Schaeffler says higher costs will continue to pressure margins
By Johannes Toft Thyssen and Diana Mandia
(Reuters) -German automotive supplier Schaeffler expects higher wage and energy costs to continue squeezing its business margins this year, it said on Tuesday after missing profit margin targets for 2022.
The company's update sent its shares down 7.2% by 1306 GMT.
Semiconductor shortages have forced global automakers to scrap production plans for millions of cars over the past two years and have helped push up prices, hurting demand.
CEO Klaus Rosenfeld said distortions in the global supply chain had added to costs, as plants in eastern Europe for example had had to switch to Chinese steel from Russian steel due to sanctions on Russia following its invasion of Ukraine.

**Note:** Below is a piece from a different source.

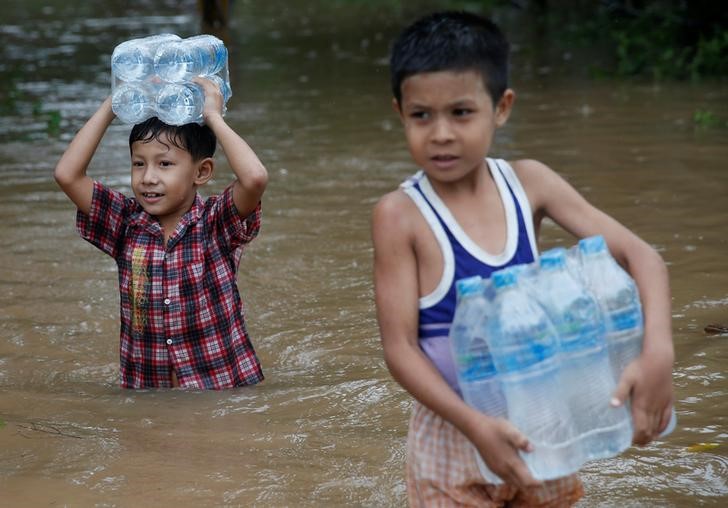 Boys carry water bottles distributed by an aid organisation during the flood in Kyaikto township, Mon state, Myanmar July 22, 2017. Credit: Reuters/Soe Zeya Tun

Schaeffler has plants in Hungary and Czech Republic.
"In an environment where you have to constantly put the plants under stress, there are additional costs," he told Reuters.

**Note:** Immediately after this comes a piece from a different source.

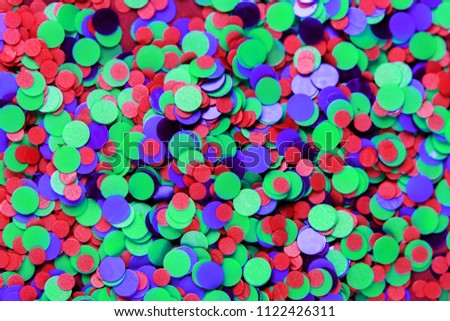 festive textured background of colorful party confetti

The Bavarian group, which manufactures high-precision components and systems for powertrain and chassis applications, said bigger wage increases and rising energy costs will impact all divisions this year despite a recovery in its product prices in 2022.
It expects revenue growth of 5% to 8% and an earnings before interest and taxes (EBIT) margin before special items of between 5.5% and 7.5% in the current fiscal year ending Dec. 31.
The group, which will propose a dividend of 0.45 euros per share, reported an EBIT margin before special items of 6.6% in 2022, compared with 8.8% a year earlier and below the 6.8% forecast in a company-compiled consensus.
"The margin is lower than in previous years and not what we are aiming for in the long term. But looking at 2022, it is acceptable," Rosenfeld said.
The group signed an agreement in December to sell its Russian subsidiaries for 10 million euros ($10.67 million), its annual report published on Tuesday stated.